◆ Instructions to follow ◆
Starting at the line that contains "Hostel Boutique Nido", copy every line to the end of the material below exactly, and omit the pictures.

◆ Provided material ◆

---*---

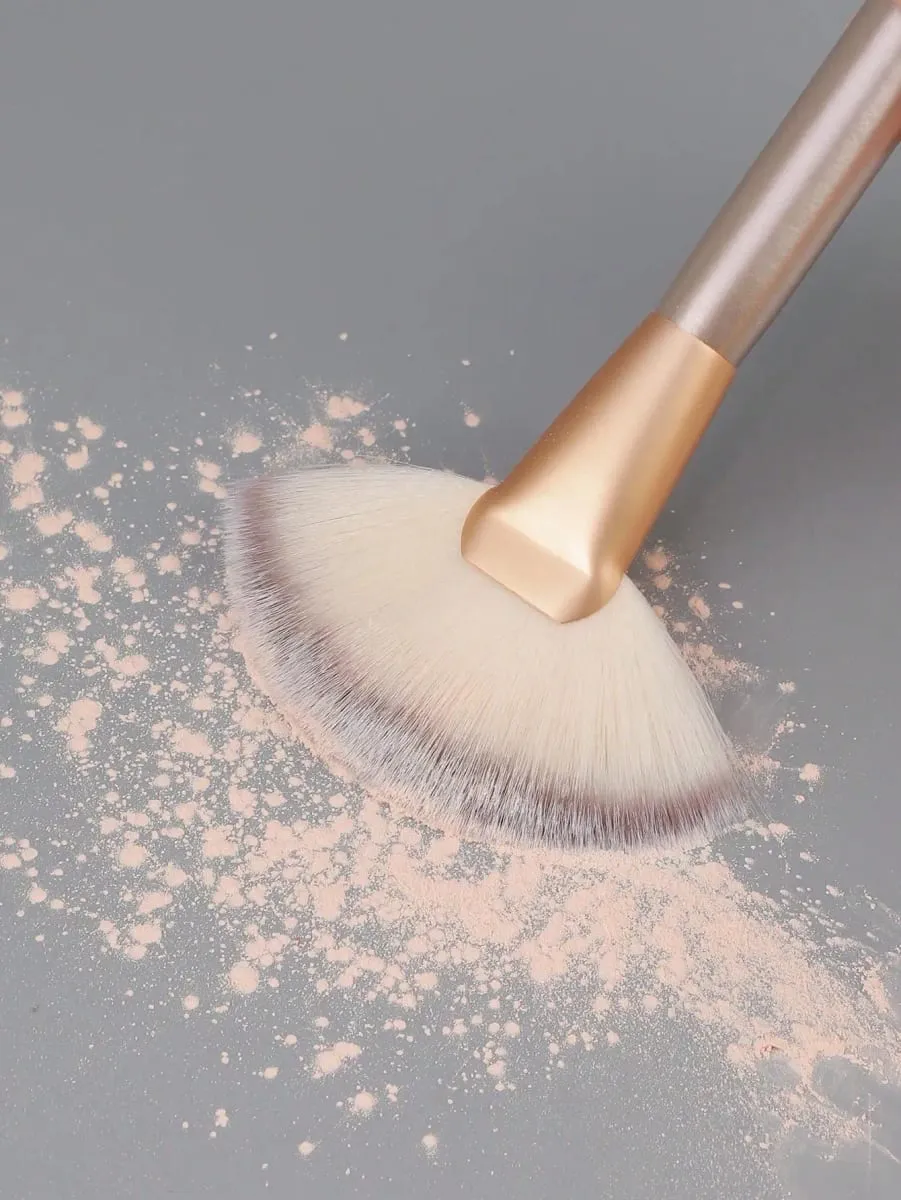 1/2pcs Large Fan Makeup Brushes Facial Foundation Blusher Concealer Brush Cosmetic Tools Pincel Soft-Bristled Makeup Brush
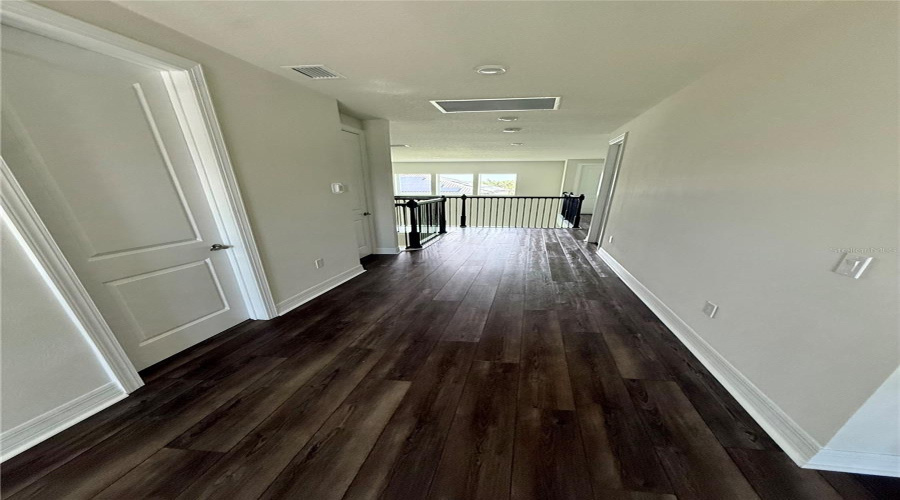 ORLANDO, Florida 32836, 5 Bedrooms Bedrooms, ,4 BathroomsBathrooms,Residential,For Sale,PARK CLIFF,0,MFRS5150293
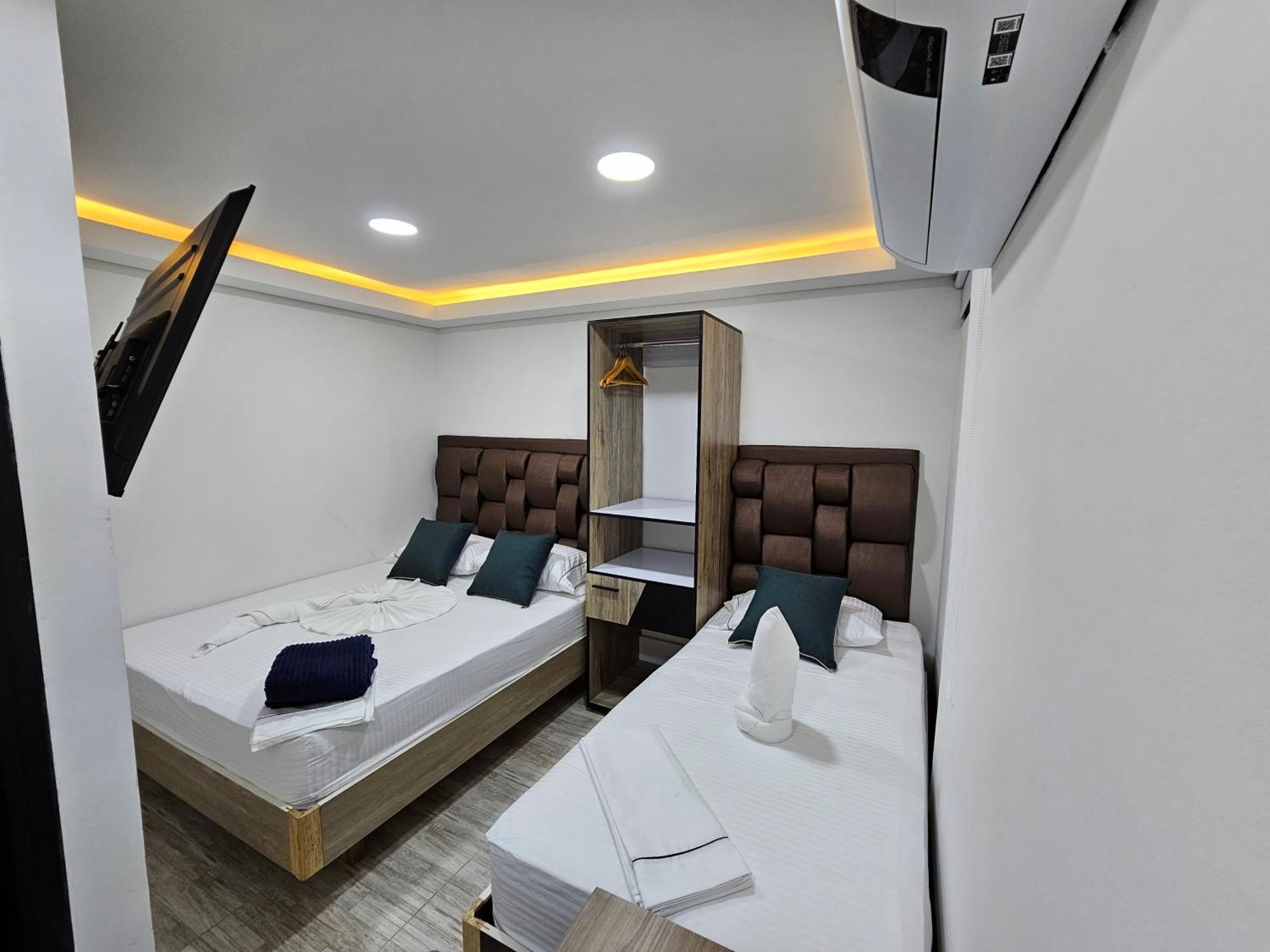Hostel Boutique Nido De Loros Меделин Екстериор снимка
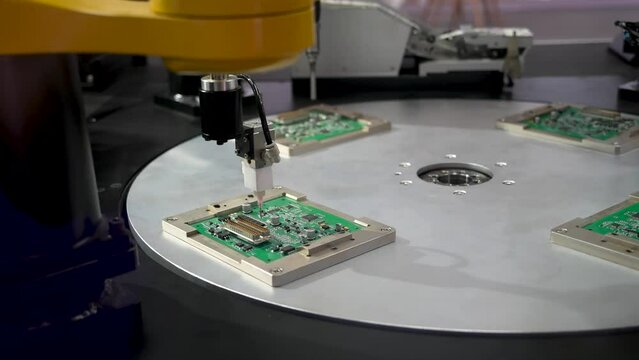 Robot holding glue syringe Injection and assembly pcb board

---*---

◆ Task result ◆
Hostel Boutique Nido De Loros Меделин Екстериор снимка
 Robot holding glue syringe Injection and assembly pcb board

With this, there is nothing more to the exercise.